In this article we are going to look at two flowering shrubs that grow in the…
PROTECT, MANAGE, RESTORE – these three words are a WWF mantra for appropriate care for the environment. In the coming weeks we will look at this mantra in relation to several aspects of management of Zimbabwe’s vegetation, particularly in the form of forests.
We need to remind ourselves constantly of the importance of plants in our lives.
Without plants we humans (and all other animals) would soon cease to exist. We depend on plants for our existence – for food, shade, building timber, yes, but far more fundamental than that, we depend on plants for the very air that we breathe. Plants breathe in our carbon dioxide and breathe out the life-sustaining oxygen we need. Huge natural forests like the Amazon jungle are “the lungs of the world”.
But apart from that extreme importance of vegetation, and in particular trees, in our lives let us briefly list a few other reasons vegetation is important, such as:
• Sustaining the all the life forms (including humans) that live on and off plants and that in turn provide food for all the prey species (and humans);
• Holding soil together;
• Breaking down into soil nutrients
• Fixing soil nutrients (like nitrogen)
• Carbon sink, working against global warming
We need multiple approaches to taking care of the vegetation of our planet.
We need to:
• Slow down deforestation in our country;
• Promote reforestation to begin to replace what has been lost, through deforestation or even just natural tree death from old age;
• Act against invasive plant species that are squeezing out indigenous species;
• Recognise the crucial part played by deadwood in a healthy forest;
• Manage bushfires.
When I was a child (many, many years ago) I remember camping with my family at Main Camp, Hwange, in the shade of a clump of large trees which protected us from the blazing sun at any time of the day. This is no longer possible, not because humans desperate for firewood have chopped down the trees, as is the case in much of Zimbabwe, but because many of those trees have simply died of old age.
The plentiful groves of mature trees that attracted the designers of Main Camp in the 1950s belong for the most part to species that do not live beyond 100 years – and their time was up. It is immediately apparent when one drives into the area of tourist accommodation that there is a serious shortage of flourishing trees and the area is dominated by trees that are dying or bare stumps of dead trees or spaces where trees used to be. Most of this article will consist of photos – on the grounds that they are all that are necessary to suggest that action is needed.
Layout of Tourist Accommodation in Main Camp
(This map was drawn up using a satellite photo – it is therefore easy to see that the pale areas have few if any trees.)
At first glance the area where the Lodges are situated (to the right of the entrance to the accommodation area) is well supplied with large trees but in fact many have died or are dying and they are just screened by the remaining trees (see photo above).
There are a few large trees remaining in the Chalet area but the majority are dying or have completely died.
The Cottage area has lost almost all its tree cover.

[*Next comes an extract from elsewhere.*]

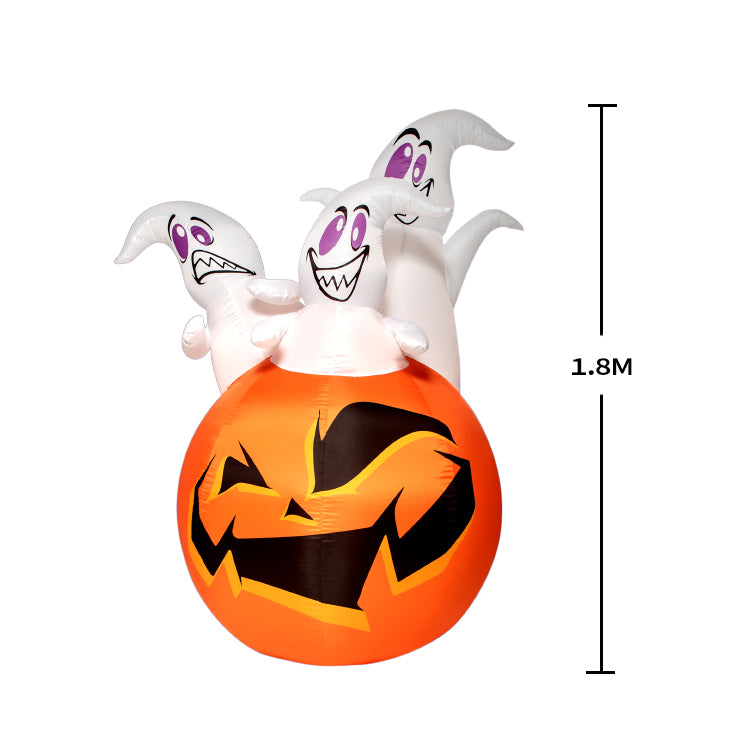 1.8M Halloween Inflatable Pumpkin Ghosts with Build-in LED Lights, Blow up Halloween Inflatable for Indoor Outdoor Party Garden Lawn Holiday Decor (Three Ghosts with Pumpkin)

The only shade available comes from the thatched gazebo in the center of the area.
Camping / Caravan Area
The caravan and camping area is the hardest hit by the loss of trees and perhaps the area where it would be most desirable to provide trees and their shade for people living under canvas and cooking in the open.
What Is Needed?
I have used a map of the lodge area to suggest the trees that it could be desirable to plant (represented by circles) to replace dead trees and to fill in empty areas. This comes to approximately 50 trees in the lodge area alone. (I would say that to repopulate the whole of Main Camp’s tourist accommodation would call for upwards of 200 young trees – to allow for the fact that many of the remaining trees will die in the near future).
Obviously it would be better to plant a handful of trees now rather than none but I would like to see at least a hundred trees planted in the accommodation area as a whole.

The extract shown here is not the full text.